A new free app called Loupe is turning quiet phone privacy worries into full-on comment-section panic. The app lets iPhone and iPad owners see what ordinary apps can learn about their device without needing anything as obvious as your name or email. In plain English: your phone gives off lots of tiny clues, and when combined, those clues can help apps recognize you again. Loupe shows those clues raw, on your own device, and promises not to upload them anywhere.
But the real fireworks came from the community. One commenter was visibly horrified by the discovery that an app may be able to see when an iPhone was last set up or erased, calling it “really nasty” and asking why the operating system doesn’t blur that info.

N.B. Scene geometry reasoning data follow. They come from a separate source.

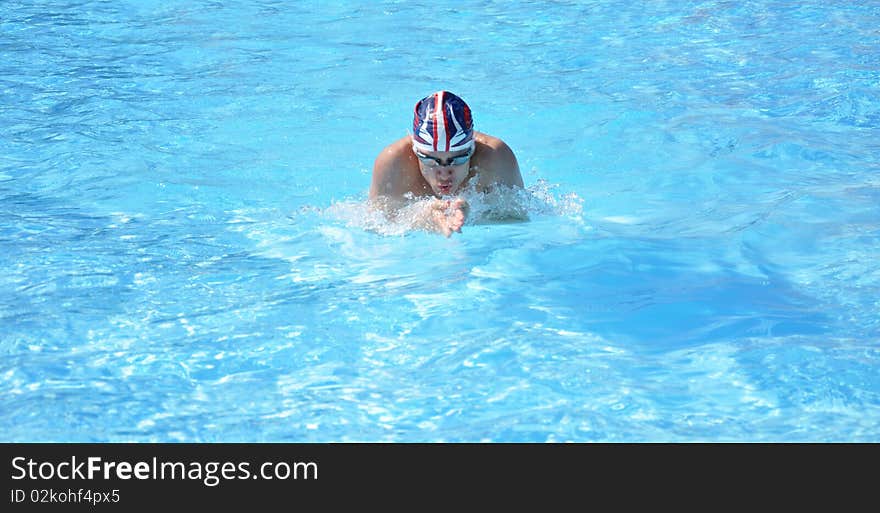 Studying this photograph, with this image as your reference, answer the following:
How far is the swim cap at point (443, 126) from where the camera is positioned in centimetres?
537

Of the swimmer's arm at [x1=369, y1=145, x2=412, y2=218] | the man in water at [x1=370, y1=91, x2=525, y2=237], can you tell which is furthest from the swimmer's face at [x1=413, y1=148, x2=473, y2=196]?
the swimmer's arm at [x1=369, y1=145, x2=412, y2=218]

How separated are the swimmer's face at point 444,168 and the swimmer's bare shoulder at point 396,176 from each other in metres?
0.06

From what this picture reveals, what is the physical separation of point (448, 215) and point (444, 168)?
42cm

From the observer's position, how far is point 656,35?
34.5 feet

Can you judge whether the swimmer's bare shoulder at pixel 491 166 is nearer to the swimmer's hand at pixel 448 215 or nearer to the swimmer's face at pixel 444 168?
the swimmer's face at pixel 444 168

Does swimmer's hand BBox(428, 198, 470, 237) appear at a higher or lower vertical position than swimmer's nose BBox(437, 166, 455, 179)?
lower

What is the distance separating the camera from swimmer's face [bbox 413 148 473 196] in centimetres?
548

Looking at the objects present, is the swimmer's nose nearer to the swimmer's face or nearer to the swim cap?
the swimmer's face

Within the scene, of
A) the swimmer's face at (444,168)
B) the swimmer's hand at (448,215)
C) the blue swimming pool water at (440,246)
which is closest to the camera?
the blue swimming pool water at (440,246)

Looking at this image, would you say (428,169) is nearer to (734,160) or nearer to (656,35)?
(734,160)

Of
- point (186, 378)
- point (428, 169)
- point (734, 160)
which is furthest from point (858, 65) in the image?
point (186, 378)

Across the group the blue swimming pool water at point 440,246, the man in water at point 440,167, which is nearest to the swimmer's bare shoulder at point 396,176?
the man in water at point 440,167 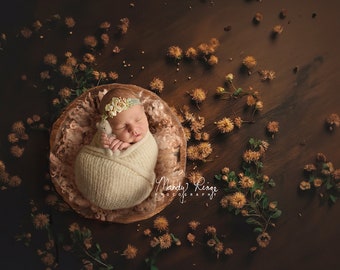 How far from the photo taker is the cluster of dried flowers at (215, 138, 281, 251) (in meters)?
1.54

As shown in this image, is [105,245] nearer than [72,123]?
No

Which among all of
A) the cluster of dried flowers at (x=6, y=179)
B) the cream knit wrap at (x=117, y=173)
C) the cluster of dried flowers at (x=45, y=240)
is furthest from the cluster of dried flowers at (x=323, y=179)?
the cluster of dried flowers at (x=6, y=179)

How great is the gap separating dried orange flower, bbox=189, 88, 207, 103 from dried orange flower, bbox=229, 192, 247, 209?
0.38 metres

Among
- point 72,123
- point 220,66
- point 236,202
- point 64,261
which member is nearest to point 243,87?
point 220,66

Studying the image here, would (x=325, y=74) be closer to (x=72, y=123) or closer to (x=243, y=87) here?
(x=243, y=87)

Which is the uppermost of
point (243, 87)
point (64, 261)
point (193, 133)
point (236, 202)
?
point (243, 87)

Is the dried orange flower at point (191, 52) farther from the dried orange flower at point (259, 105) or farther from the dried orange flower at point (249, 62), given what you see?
the dried orange flower at point (259, 105)

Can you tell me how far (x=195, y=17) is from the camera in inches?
62.8

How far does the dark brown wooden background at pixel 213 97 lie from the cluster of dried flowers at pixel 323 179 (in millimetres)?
25

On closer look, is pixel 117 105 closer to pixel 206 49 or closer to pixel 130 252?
pixel 206 49

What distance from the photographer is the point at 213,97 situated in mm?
1585

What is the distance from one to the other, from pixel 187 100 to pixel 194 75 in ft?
0.33

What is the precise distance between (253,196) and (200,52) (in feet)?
1.90

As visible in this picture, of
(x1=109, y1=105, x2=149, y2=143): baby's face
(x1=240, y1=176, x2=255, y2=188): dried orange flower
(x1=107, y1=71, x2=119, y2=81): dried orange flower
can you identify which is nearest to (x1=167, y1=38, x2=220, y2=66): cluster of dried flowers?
(x1=107, y1=71, x2=119, y2=81): dried orange flower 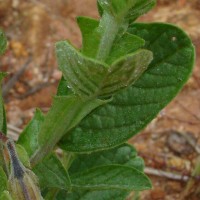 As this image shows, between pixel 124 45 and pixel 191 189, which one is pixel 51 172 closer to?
pixel 124 45

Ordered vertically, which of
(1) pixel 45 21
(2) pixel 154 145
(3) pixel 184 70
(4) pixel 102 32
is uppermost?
(4) pixel 102 32

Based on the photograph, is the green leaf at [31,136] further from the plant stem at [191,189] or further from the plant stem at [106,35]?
the plant stem at [191,189]

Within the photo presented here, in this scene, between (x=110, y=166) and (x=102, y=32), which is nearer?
(x=102, y=32)

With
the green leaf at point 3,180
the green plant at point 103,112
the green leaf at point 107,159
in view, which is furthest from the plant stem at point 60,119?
→ the green leaf at point 107,159

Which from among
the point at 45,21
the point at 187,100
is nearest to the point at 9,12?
the point at 45,21

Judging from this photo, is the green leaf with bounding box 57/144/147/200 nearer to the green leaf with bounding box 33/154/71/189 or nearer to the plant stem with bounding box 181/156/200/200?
the green leaf with bounding box 33/154/71/189

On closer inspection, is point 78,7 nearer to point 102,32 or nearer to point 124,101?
point 124,101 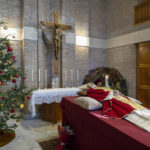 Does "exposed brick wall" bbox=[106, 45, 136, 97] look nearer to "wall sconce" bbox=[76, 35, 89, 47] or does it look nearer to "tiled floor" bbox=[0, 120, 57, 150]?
"wall sconce" bbox=[76, 35, 89, 47]

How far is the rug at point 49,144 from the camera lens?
297 cm

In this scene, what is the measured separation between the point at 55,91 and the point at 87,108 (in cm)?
198

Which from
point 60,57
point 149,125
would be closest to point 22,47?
point 60,57

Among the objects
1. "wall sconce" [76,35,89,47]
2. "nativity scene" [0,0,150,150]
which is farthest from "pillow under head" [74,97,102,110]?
"wall sconce" [76,35,89,47]

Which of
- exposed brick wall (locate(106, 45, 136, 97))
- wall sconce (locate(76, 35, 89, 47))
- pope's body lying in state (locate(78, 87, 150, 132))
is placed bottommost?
pope's body lying in state (locate(78, 87, 150, 132))

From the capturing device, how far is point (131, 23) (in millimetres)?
5602

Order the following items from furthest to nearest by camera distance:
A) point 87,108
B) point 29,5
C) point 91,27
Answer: point 91,27
point 29,5
point 87,108

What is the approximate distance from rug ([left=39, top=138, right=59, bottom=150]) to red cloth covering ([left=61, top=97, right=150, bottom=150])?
1.49ft

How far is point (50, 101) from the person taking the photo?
3975 mm

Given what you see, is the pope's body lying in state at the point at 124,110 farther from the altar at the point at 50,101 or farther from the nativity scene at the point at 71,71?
the altar at the point at 50,101

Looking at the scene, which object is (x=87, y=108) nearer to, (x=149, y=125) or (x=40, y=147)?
(x=149, y=125)

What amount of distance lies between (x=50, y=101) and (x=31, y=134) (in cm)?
90

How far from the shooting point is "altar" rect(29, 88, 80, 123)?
386 cm

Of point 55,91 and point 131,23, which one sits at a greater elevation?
point 131,23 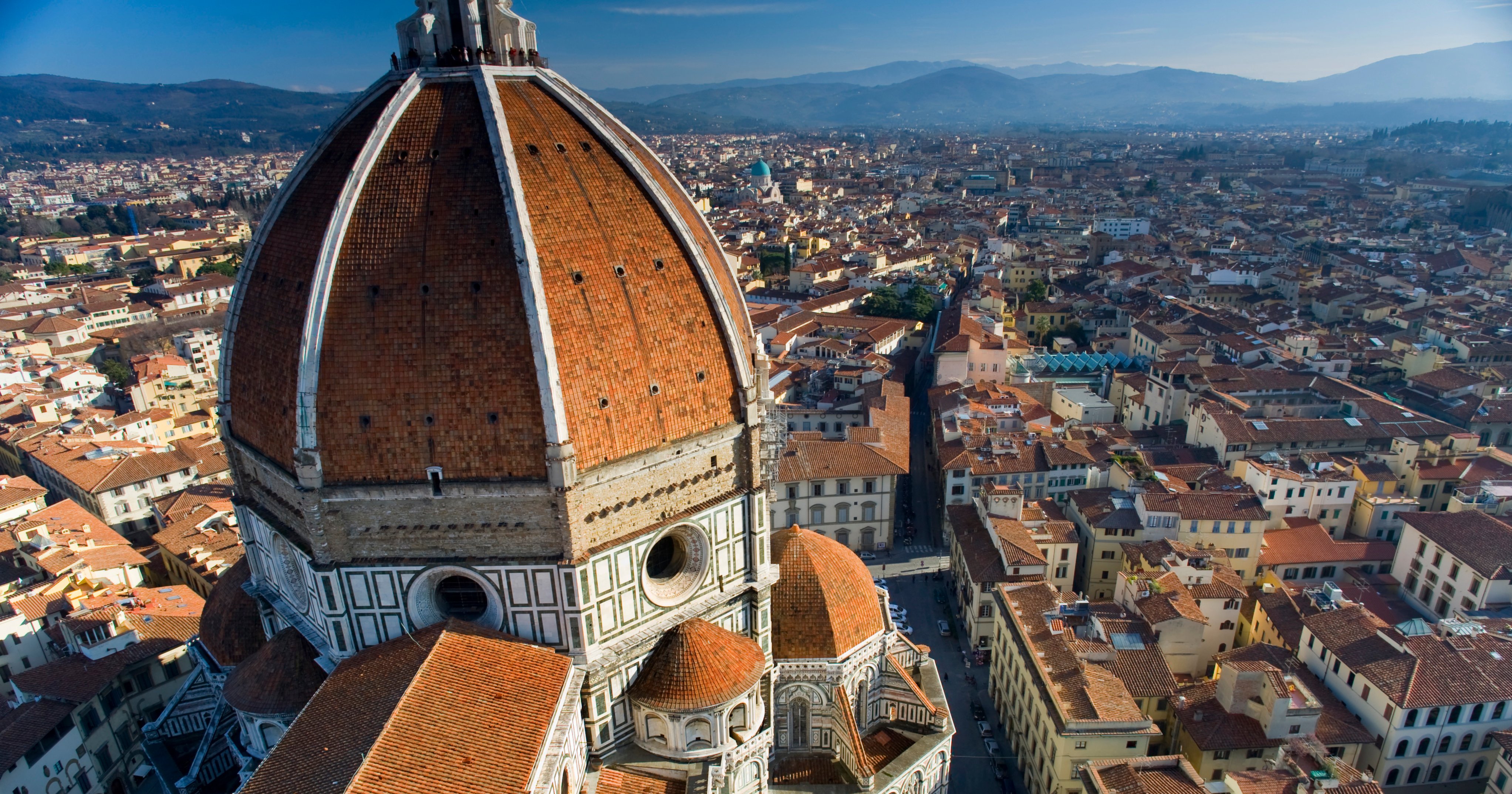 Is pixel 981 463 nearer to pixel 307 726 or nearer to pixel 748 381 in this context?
pixel 748 381

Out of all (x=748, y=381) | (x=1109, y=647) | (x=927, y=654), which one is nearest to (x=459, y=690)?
(x=748, y=381)

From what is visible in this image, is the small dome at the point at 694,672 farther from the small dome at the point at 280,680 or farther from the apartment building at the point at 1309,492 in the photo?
the apartment building at the point at 1309,492

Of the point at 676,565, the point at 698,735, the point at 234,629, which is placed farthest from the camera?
the point at 234,629

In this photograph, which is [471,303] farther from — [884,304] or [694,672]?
[884,304]

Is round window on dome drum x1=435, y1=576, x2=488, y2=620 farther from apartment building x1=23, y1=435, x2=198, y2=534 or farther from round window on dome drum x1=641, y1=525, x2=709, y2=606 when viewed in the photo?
apartment building x1=23, y1=435, x2=198, y2=534

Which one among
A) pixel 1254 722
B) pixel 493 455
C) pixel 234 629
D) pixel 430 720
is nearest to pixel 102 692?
pixel 234 629

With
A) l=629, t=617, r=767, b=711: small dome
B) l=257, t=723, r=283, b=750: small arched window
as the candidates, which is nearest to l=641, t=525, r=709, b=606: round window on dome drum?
l=629, t=617, r=767, b=711: small dome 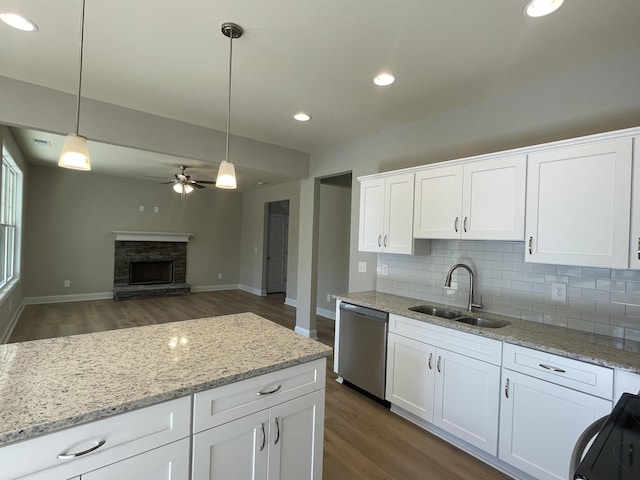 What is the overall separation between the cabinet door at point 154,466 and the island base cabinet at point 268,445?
0.16 feet

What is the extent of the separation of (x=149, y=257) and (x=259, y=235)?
103 inches

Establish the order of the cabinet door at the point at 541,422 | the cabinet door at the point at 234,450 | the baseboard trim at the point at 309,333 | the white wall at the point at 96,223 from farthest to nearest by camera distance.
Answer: the white wall at the point at 96,223
the baseboard trim at the point at 309,333
the cabinet door at the point at 541,422
the cabinet door at the point at 234,450

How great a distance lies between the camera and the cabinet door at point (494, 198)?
A: 7.52 feet

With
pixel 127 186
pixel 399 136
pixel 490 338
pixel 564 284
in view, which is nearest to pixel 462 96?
pixel 399 136

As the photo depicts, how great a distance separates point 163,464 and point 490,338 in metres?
1.97

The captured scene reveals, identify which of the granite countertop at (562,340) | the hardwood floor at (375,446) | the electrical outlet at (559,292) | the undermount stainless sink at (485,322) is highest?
the electrical outlet at (559,292)

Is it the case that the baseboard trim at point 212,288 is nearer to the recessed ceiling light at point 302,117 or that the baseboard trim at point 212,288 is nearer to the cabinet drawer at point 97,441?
the recessed ceiling light at point 302,117

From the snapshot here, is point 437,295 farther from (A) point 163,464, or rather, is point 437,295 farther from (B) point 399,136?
(A) point 163,464

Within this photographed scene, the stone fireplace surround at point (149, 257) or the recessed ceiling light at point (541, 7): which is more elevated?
the recessed ceiling light at point (541, 7)

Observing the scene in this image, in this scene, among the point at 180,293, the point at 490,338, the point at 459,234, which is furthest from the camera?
the point at 180,293

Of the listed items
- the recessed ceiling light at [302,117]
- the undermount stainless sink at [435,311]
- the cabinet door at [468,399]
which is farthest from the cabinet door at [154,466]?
the recessed ceiling light at [302,117]

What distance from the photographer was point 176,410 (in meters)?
1.23

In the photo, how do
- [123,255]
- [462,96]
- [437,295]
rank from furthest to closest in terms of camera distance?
[123,255] → [437,295] → [462,96]

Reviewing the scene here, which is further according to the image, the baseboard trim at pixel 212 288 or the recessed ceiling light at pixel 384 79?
the baseboard trim at pixel 212 288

Another zeroed in on details like a storage creation date and clipboard activity count, basically asking: why on earth is this so precise? That "installed apps probe" feature also got people side-eyeing Apple’s privacy image, even if one user admitted it’s still "better than Android."
There was also classic internet tribalism: one person predicted the app would get dragged into the old native-apps-versus-web-apps fight, because no tech thread is complete without a platform war. And in the most relatable reaction of all, one commenter essentially said Loupe confirmed their life choice to install as few apps as possible. Meanwhile, others were already asking for a Mac version, because apparently seeing your privacy invaded on one Apple device just isn’t enough drama.
Key Points
- •Loupe is an iOS and iPadOS app that displays real values available through public iOS APIs to show the device fingerprinting surface.
- •The app groups exposed signals into Passive, Needs Permission, and Advanced tiers based on how costly they are to access.
- •Loupe states that no collected values leave the device unless the user explicitly exports them, and it does not upload, sync, or share data.
- •The project was written almost entirely using AI coding tools and requires Xcode 26 or newer to build.
- •Loupe is free and open source under the MIT License, while branding and design assets remain copyrighted by Mysk.